Helmut Gaisbauer: Ein Brief für die Welt. Die Enzyklika „Laudato si“ von Papst Franziskus für Kinder erklärt. Innsbruck 2016, 104 S.
Das zentrale Thema der Publikation, in welcher Hubert Gaisbauer Kindern ab acht Jahren wichtige Inhalte des päpstlichen Rundschreibens „Laudato si“ erklärt, ist die Bewahrung der Schöpfung.
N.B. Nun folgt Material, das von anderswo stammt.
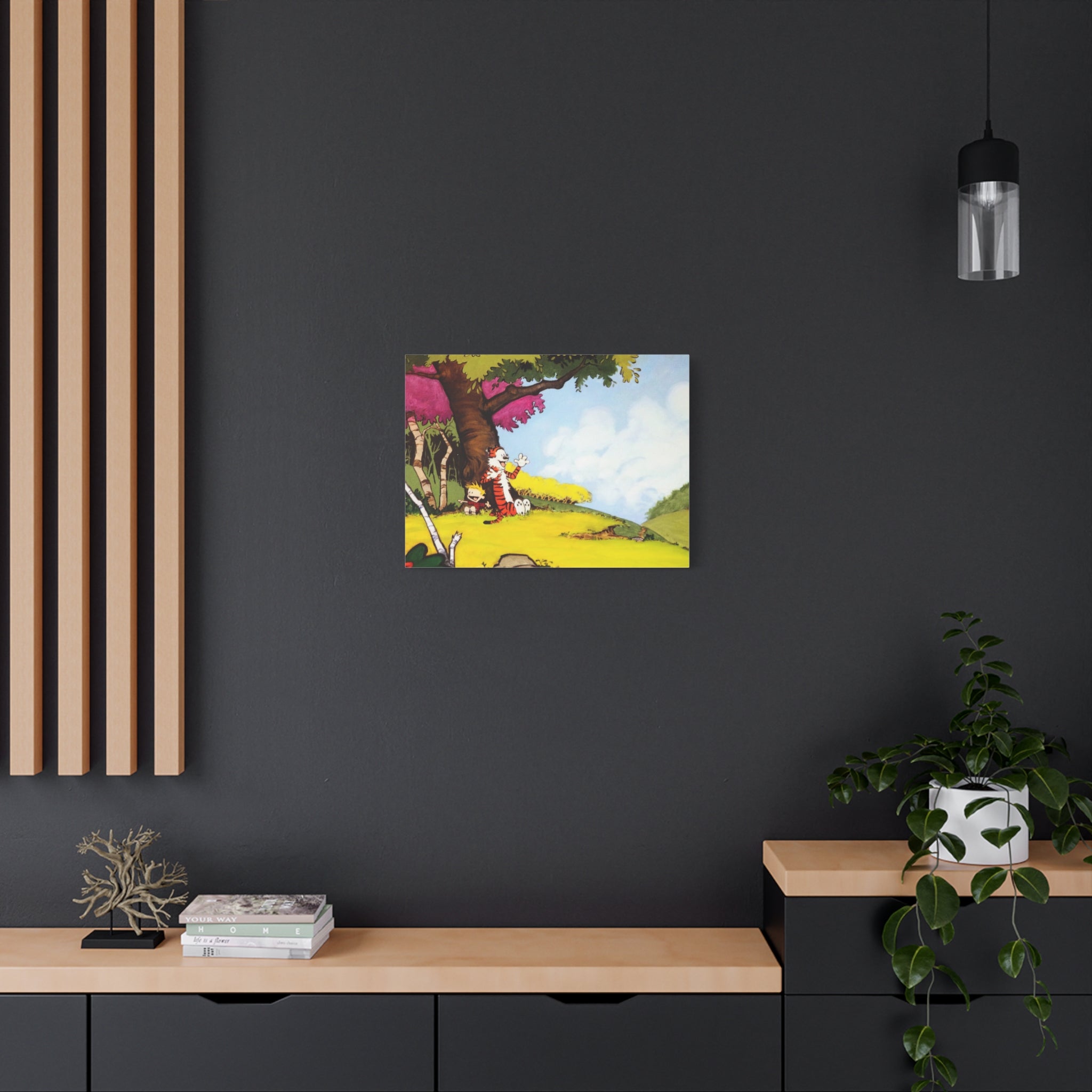 Calvin and Hobbes Canvas Wall Art - Nostalgic Comic Strip Poster for Kids Room & Nursery Room Decor - Adventure Theme Print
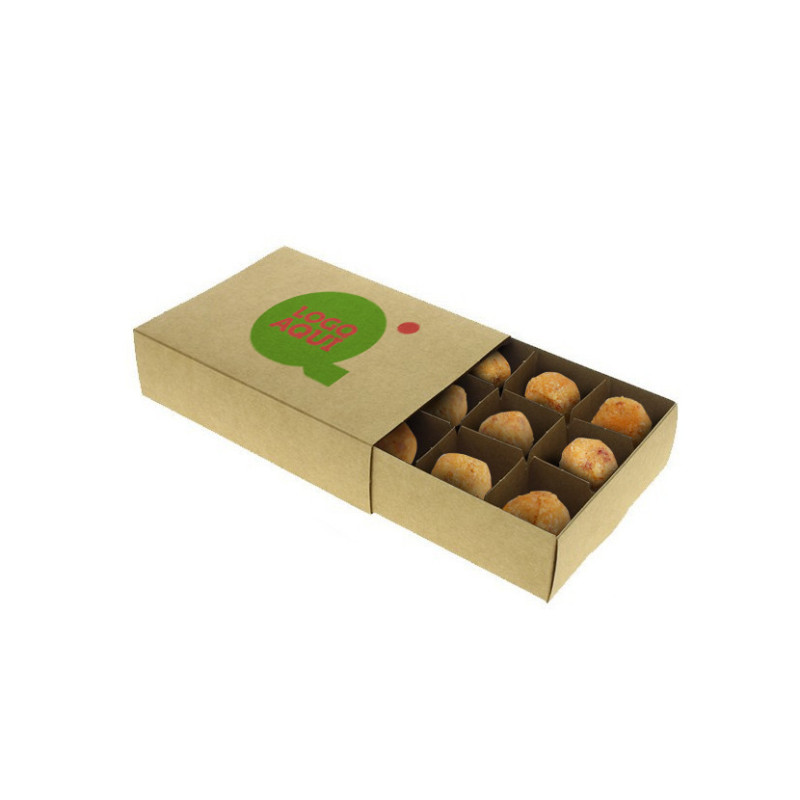 Cajas para llevar croquetas de cartón kraft 12u (17x13x5,5cm) Personalizada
Hierzu nimmt der Autor zunächst die Anfrage eines Mädchens namens Caro auf, weshalb Papst Franziskus keine Rundschreiben für Kinder verfasse, gerade im Hinblick auf das für eine menschenwürdige Zukunft so entscheidende Thema Ökologie (S. 8 f.). Um diesem Wunsch nachzukommen, hat Hubert Gaisbauer in seinem Buch für Kinder gut verständliche Aussagen aus der am 24. Mai 2015 veröffentlichten Enzyklika „Laudato si“ zusammengestellt, kommentiert und mit Hilfe von Geschehnissen oder Beispielen konkretisiert. So entstanden 22 Kapitel im Umfang von je zwei bis drei Seiten, unterbrochen durch Informationstexte (Wer – Was – Wann) über päpstliche Rundschreiben, Franz von Assisi, Schöpfung, Papst Franziskus und den Sonnengesang. Die einzelnen Kapitel erschließen sich auch dann, wenn man beim Lesen eine andere Reihenfolge wählt; jeder Abschnitt des Buches steht gewissermaßen auch für sich selbst. Somit ist es sehr gut möglich, einzelne Kapitel für den Religionsunterricht herauszugreifen.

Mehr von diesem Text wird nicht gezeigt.